GOFFSTOWN, N.H. — Killing time before Mitt Romney’s campaign rally here this week, GOP activist Paul Clark shared the story of how some tea party activists in the crowd had assured him that they would vote for the presumptive GOP nominee come Election Day.
But, the 78-year-old Republican said, they struck a different tune when he urged them to assume a more active role in the Romney campaign.
“The guy says, ‘Well, you know, I don’t know about that,” Mr. Clark told The Washington Times.
The episode could spell trouble for Mr. Romney, who easily won New Hampshire’s Republican primary, but has struggled to generate the sort of on-the-ground energy in tea party circles that inspired the door knocking and phone banking that helped propel Republicans to a slew of victories in the 2010 election.
“The grass-roots tea party activists are not enthusiastic about presumptive nominee Mitt Romney,” said Cynthia Howard, founder of the Claremont New Hampshire Citizens for Lower Taxes, a tea party group.
This year, the tea party has shown its naysayers that it is still a force to be reckoned with in American politics.
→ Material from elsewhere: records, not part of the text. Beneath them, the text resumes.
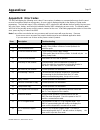 Product manual - (page 14)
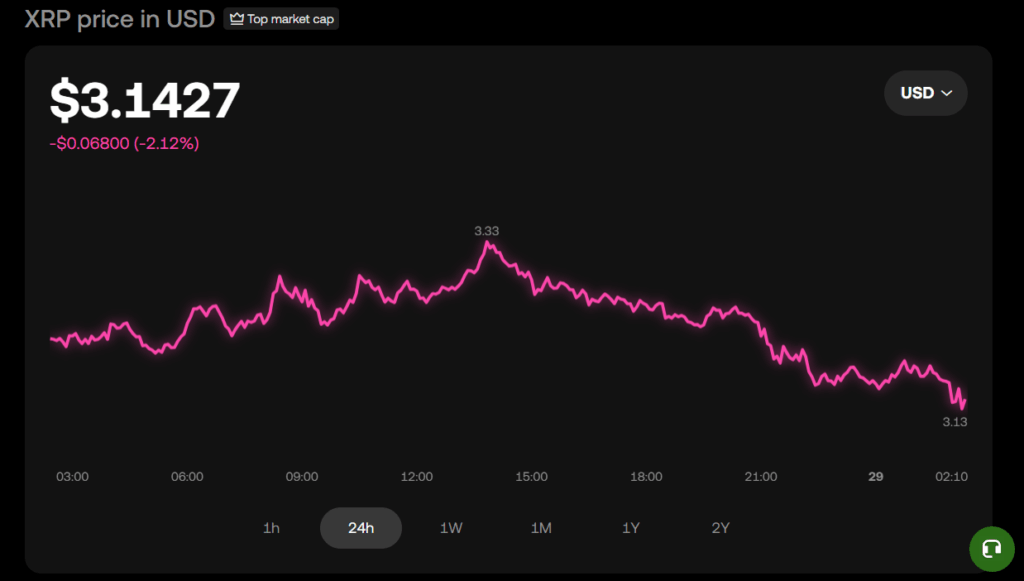 Xrp Price Chart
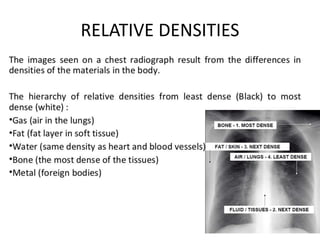 RELATIVE DENSITIES
 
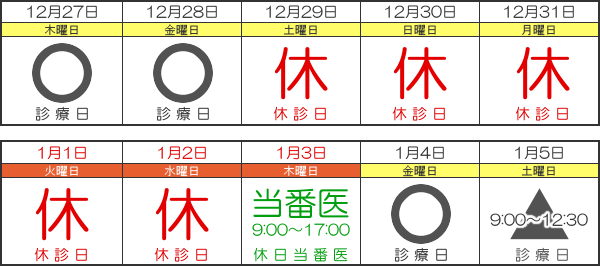 はだ医院年末年始の診療について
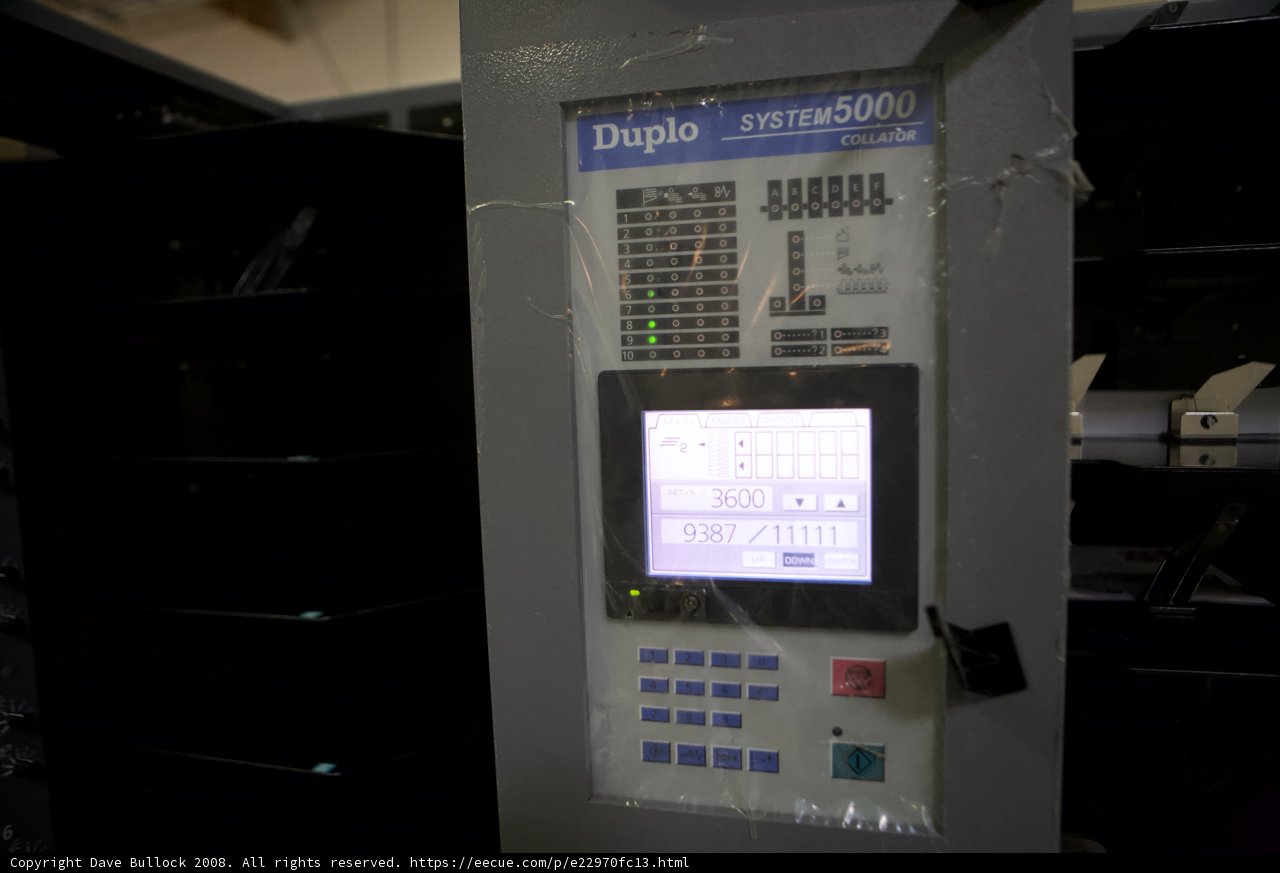 Digital Display Machine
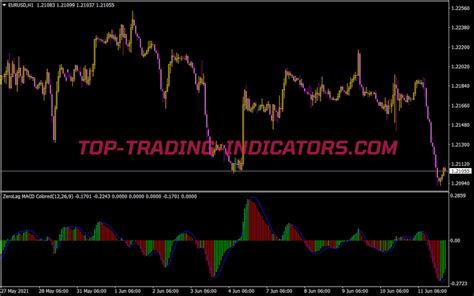 Zero Lag Macd Colored New Mt Indicators Mq Or Ex Top Trading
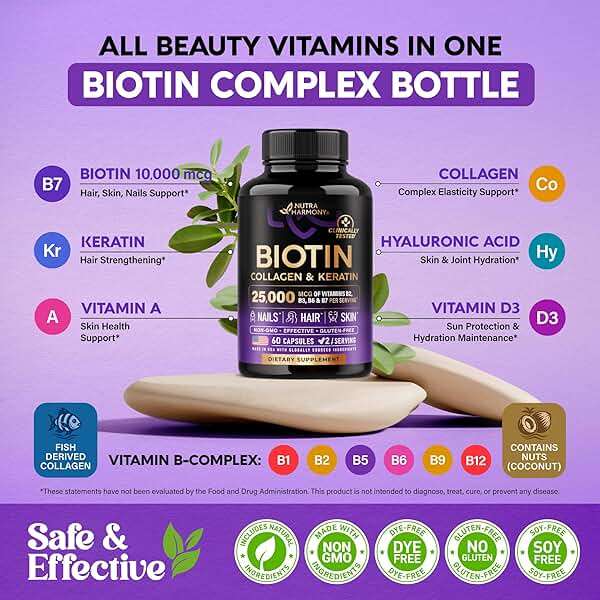 Biotin | Collagen | Hyaluronic Acid | Keratin - Clinically Tested Supplement - Hair Growth Support, Skin & Nails - 25000 mcg Vitamins B2, B3, B6 & B7 + B1 - Made in USA - Women & Men | 60 Capsules - Image 3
They played a key role in Indiana, where state Treasurer Richard Murdouck ousted Sen. Richard G. Lugar in the GOP primary. They also scored a major victory last month in the Texas primary contest, when Ted Cruz, a former state solicitor general, defeated Lt. Gov. David Dewhurst, the choice of the party establishment.
Many tea partyers see Mr. Romney as the establishment pick and view his record with suspicion — thanks to his support for No Child Left Behind that dramatically expanded the federal government’s role in education, the 2008 Wall Street bailout and the universal health care law he signed in Massachusetts. Highlighting his support of the Patriot Act and the National Defense Authorization Act, they also question his commitment to protecting civil liberties.
Mr. Romney has tried to reach out to conservative grass-roots activists, attending the annual Americans for Prosperity New Hampshire dinner. He also brought on Chris Wood, a veteran activist who served as coalitions direction for Rep. Ron Paul’s 2012 campaign in the state, to lead grass-roots outreach efforts.
With less than 80 days to go before the election, the tricky part for Mr. Romney is that even when he embraces the tea party, such as he did this week by saying the Federal Reserve should face an audit, some still see it as too little, too late.
Similar doubts dogged his appearance at a tea party event last year in nearby Concord, N.H., which sparked a rift between tea party factions over whether his attempts to align himself with the movement were genuine.
“If every political opportunist claiming to be a tea partyer is accepted unconditionally, then the tea party brand loses all meaning,” Matt Kibbe, president of Freedomworks, warned at the time in a news release.
Mr. Kibbe has since softened his tone toward Mr. Romney.
“[Tea partyers] are not ecstatic about Romney and they probably never will be, but the attitude now has shifted to how do we get Barack Obama out of office,” he said, arguing that his selection of Mr. Ryan as a running mate is a move in the right direction.
Jane Aitken of the New Hampshire Tea Party Coalition disagreed, saying that on top of supporting TARP and NCLB, Mr. Ryan also voted for the taxpayer bailout of General Motors and Chrysler. “He is being billed as being the conservative, but is that record conservative?” she said.
Whatever the case, Ms. Aitken said the Romney candidacy has generated an “an internal battle” within the movement in the Granite State.
“There are people saying, ‘You have to vote Romney because he is not Obama,’ but then you have people saying, ‘You shouldn’t reward his campaign’s bad behavior and his lack of conservatism — this is how you are controlled by the two party system.”
“Even people who are resigned to the fact that they may end up having to vote for Romney, they never argue ‘vote for Romney because he stood strong on issue X, Y, and Z’. It is always ‘vote for Romney because he is not Obama,’” she said.